REQUIRED ACTION – Reproduce exactly the lines of the material beneath, from the line that contains "Reagen is registered" to the line that contains "Catch the Glory", both included, and no other lines.

________________________

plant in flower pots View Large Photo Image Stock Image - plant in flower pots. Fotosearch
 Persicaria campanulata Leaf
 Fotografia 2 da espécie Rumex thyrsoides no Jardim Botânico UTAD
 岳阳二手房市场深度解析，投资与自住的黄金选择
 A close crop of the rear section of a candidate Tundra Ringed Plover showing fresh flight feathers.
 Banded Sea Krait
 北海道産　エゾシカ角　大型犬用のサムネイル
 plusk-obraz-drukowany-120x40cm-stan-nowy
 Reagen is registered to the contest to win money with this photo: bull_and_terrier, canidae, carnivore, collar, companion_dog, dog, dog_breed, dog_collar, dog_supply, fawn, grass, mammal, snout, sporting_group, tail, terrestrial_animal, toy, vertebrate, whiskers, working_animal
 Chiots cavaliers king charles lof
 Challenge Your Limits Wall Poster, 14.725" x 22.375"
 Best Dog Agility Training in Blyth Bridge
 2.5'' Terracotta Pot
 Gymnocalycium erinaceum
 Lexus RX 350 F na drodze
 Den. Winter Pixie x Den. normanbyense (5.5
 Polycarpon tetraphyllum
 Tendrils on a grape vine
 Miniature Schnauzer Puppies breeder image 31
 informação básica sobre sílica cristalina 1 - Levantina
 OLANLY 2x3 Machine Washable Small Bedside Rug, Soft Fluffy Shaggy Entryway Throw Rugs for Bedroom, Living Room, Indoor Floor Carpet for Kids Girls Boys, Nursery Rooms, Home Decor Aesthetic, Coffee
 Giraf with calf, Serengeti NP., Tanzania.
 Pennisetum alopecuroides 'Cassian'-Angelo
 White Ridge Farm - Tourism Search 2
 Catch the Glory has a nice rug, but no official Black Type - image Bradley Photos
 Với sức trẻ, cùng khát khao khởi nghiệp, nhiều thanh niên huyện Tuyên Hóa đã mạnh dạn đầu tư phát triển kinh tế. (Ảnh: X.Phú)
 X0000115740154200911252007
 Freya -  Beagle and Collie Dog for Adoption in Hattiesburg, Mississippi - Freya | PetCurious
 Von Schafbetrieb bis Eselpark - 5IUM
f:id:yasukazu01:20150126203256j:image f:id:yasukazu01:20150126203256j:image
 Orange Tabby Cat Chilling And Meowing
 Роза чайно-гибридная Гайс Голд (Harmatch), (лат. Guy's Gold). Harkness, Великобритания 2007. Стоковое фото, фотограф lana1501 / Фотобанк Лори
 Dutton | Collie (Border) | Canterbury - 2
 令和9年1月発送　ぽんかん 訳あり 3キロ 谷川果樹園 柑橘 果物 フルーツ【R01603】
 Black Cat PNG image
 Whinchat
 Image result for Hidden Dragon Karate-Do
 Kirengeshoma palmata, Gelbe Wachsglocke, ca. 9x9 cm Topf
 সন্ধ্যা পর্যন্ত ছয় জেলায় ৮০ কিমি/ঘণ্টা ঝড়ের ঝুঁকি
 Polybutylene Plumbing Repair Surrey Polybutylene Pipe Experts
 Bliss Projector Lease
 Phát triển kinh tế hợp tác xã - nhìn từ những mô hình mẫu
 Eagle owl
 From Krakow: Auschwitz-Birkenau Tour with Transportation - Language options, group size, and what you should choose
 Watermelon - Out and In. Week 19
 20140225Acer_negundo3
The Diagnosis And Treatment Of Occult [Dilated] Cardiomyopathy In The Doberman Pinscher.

________________________

EXERCISE RESPONSE –
 Reagen is registered to the contest to win money with this photo: bull_and_terrier, canidae, carnivore, collar, companion_dog, dog, dog_breed, dog_collar, dog_supply, fawn, grass, mammal, snout, sporting_group, tail, terrestrial_animal, toy, vertebrate, whiskers, working_animal
 Chiots cavaliers king charles lof
 Challenge Your Limits Wall Poster, 14.725" x 22.375"
 Best Dog Agility Training in Blyth Bridge
 2.5'' Terracotta Pot
 Gymnocalycium erinaceum
 Lexus RX 350 F na drodze
 Den. Winter Pixie x Den. normanbyense (5.5
 Polycarpon tetraphyllum
 Tendrils on a grape vine
 Miniature Schnauzer Puppies breeder image 31
 informação básica sobre sílica cristalina 1 - Levantina
 OLANLY 2x3 Machine Washable Small Bedside Rug, Soft Fluffy Shaggy Entryway Throw Rugs for Bedroom, Living Room, Indoor Floor Carpet for Kids Girls Boys, Nursery Rooms, Home Decor Aesthetic, Coffee
 Giraf with calf, Serengeti NP., Tanzania.
 Pennisetum alopecuroides 'Cassian'-Angelo
 White Ridge Farm - Tourism Search 2
 Catch the Glory has a nice rug, but no official Black Type - image Bradley Photos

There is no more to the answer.